### What you should do
With pictures removed, the data below should be returned exactly.

### Data extract

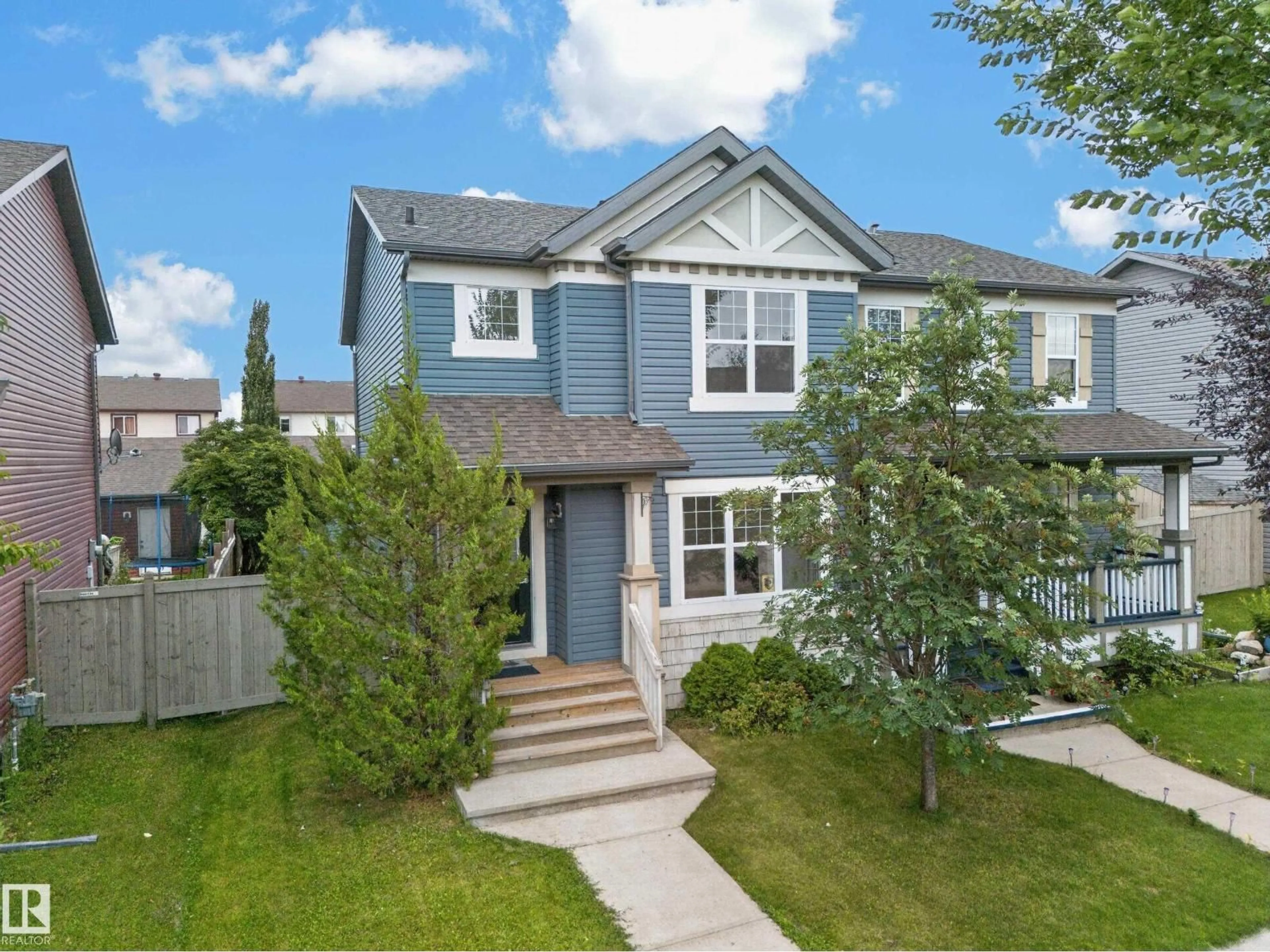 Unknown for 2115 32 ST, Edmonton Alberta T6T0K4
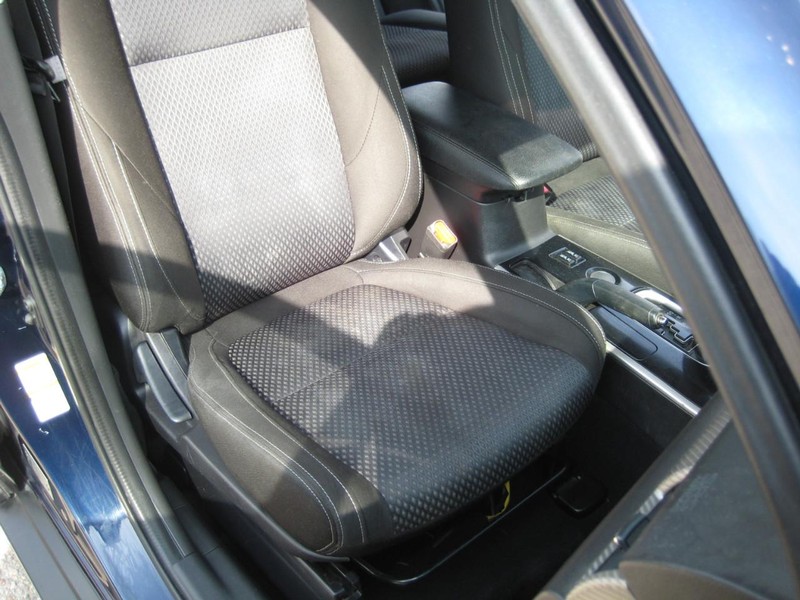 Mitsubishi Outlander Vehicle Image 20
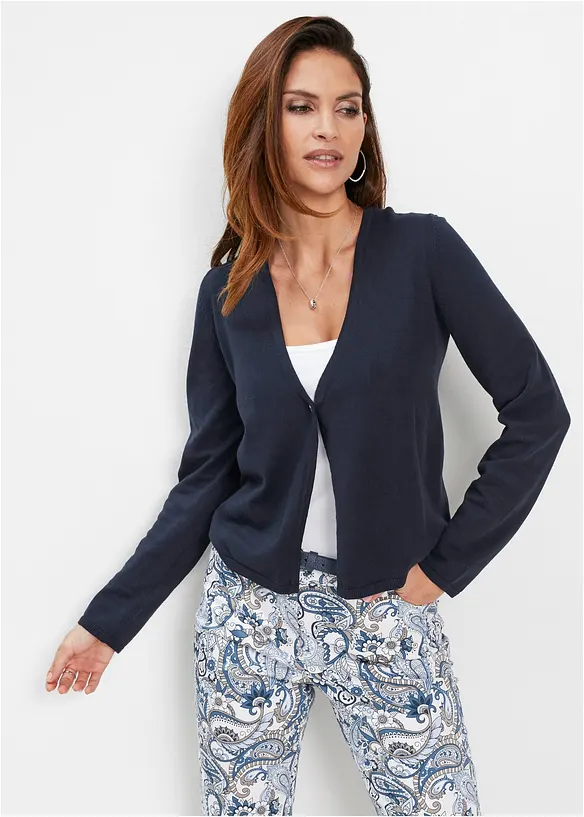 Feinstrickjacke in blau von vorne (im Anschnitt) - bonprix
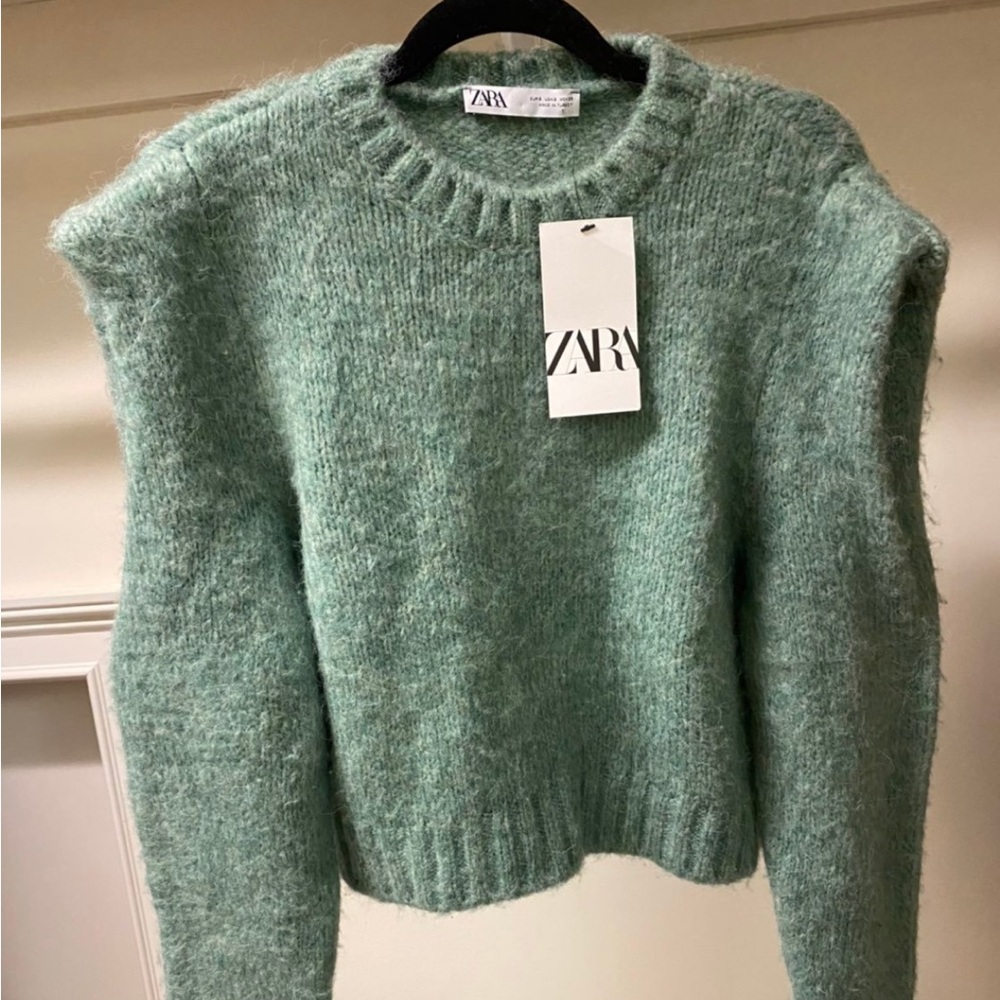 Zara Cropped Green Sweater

### Answer box
 Unknown for 2115 32 ST, Edmonton Alberta T6T0K4
 Mitsubishi Outlander Vehicle Image 20
 Feinstrickjacke in blau von vorne (im Anschnitt) - bonprix
 Zara Cropped Green Sweater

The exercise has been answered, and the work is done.